LGBT+ people in the UK have had the right to adopt children since the Adoption and Children Act came into force in 2005, but like many people Thomas assumed that it only applied to couples.
Even after he realised that the law allowed him the opportunity to adopt as a single gay man, he still feared this being snatched away from him.
“[I was] still thinking that, as much as there would be so many people supporting me and cheering me on, there would be just as many folk trying to burst my balloon and stamp on my dream,” he said.
The years following the Adoption and Children Act saw a surge in same-sex couples adopting children, but throughout his 20s Thomas saw no single gay men taking this path to fatherhood.
When he experienced a close friend’s pregnancy and realised he couldn’t bear to wait any longer, he decided to take the plunge and become the first.
“I thought, ‘Nope, I’m not waiting any longer to find someone, I will do this myself…’ and I did!”
A two-and-a-half-year “rollercoaster ride” of highs and lows lay ahead of him, but as it turned out, his fears of homophobes stamping on his dreams were unfounded.
Thomas applied to adopt through St Andrew’s Children’s Society, an independent, voluntary adoption and fostering agency in Edinburgh that works in partnership with local LGBT+ organisations.

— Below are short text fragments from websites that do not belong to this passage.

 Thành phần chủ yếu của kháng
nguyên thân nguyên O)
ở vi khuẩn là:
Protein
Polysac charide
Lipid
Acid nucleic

“Those guys welcomed me with open arms and held my hand every single step of the way. They were and are incredible,” Thomas said.
“On our first meeting I told them, ‘I’m going to be a dad, this is going to happen for me, I just need St Andrew’s Children’s Society to help me’, and they certainly did.”

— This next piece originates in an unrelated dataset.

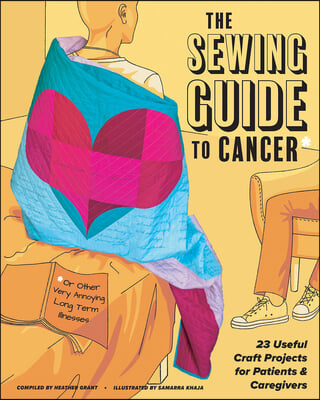 The Sewing Guide to Cancer (or Other Very Annoying Long Term Illnesses): Useful Craft Projects for Patients and Caregivers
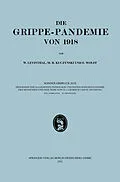 E-Book (pdf) Epidemiologie, Ätiologie, Pathomorphologie und Pathogenese der Grippe von Walter Levinthal, Max H. Kuczynski, Erich K. Wolff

His excitement at being approved for adoption was rivalled only by his family’s. He remembers his mother’s living room filled with people “screaming, crying, shouting” – followed soon by “the day I found out my boy was going to be mine.”
Thomas was at work when he got the all-important call: they’d found him a son. He was so overwhelmed with joy that he laughed, cried, then nearly passed out right there in his office.

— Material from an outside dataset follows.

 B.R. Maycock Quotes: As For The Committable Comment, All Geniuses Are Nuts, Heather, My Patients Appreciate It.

His boss sent him home and he promptly went to buy his mother a ‘Happy birthday Nan’ card. “Best present I have ever given her,” he gushes.
“She was getting a grandson and I was getting my boy. I was becoming a dad. This dream, this need, it was coming true and I was beyond ready.”
Unsurprisingly, fatherhood came naturally to Thomas and his son ‘D’ immediately “slotted into our family so organically and confidently”. Now an energetic little boy of six who loves Netflix, adventures and Pokémon, ‘D’ is thriving – and so is his dad.
“My life has completely changed in every possible way,” Thomas said. “I always wanted to be the person to be relied on, always a shoulder to cry on, the friend that drives over when needed, to buy the break-up drinks. I still am that guy but my priority is my son.
“He’s my world, my heart, my boy. Everyone comes after him.”
Thomas has nothing but encouragement for other LGBT+ people – single or not – who are considering adoption.
“Please shut out any negativity you come across. If you believe you can be the best parent to a child in need then go for it. Your forever family is waiting.”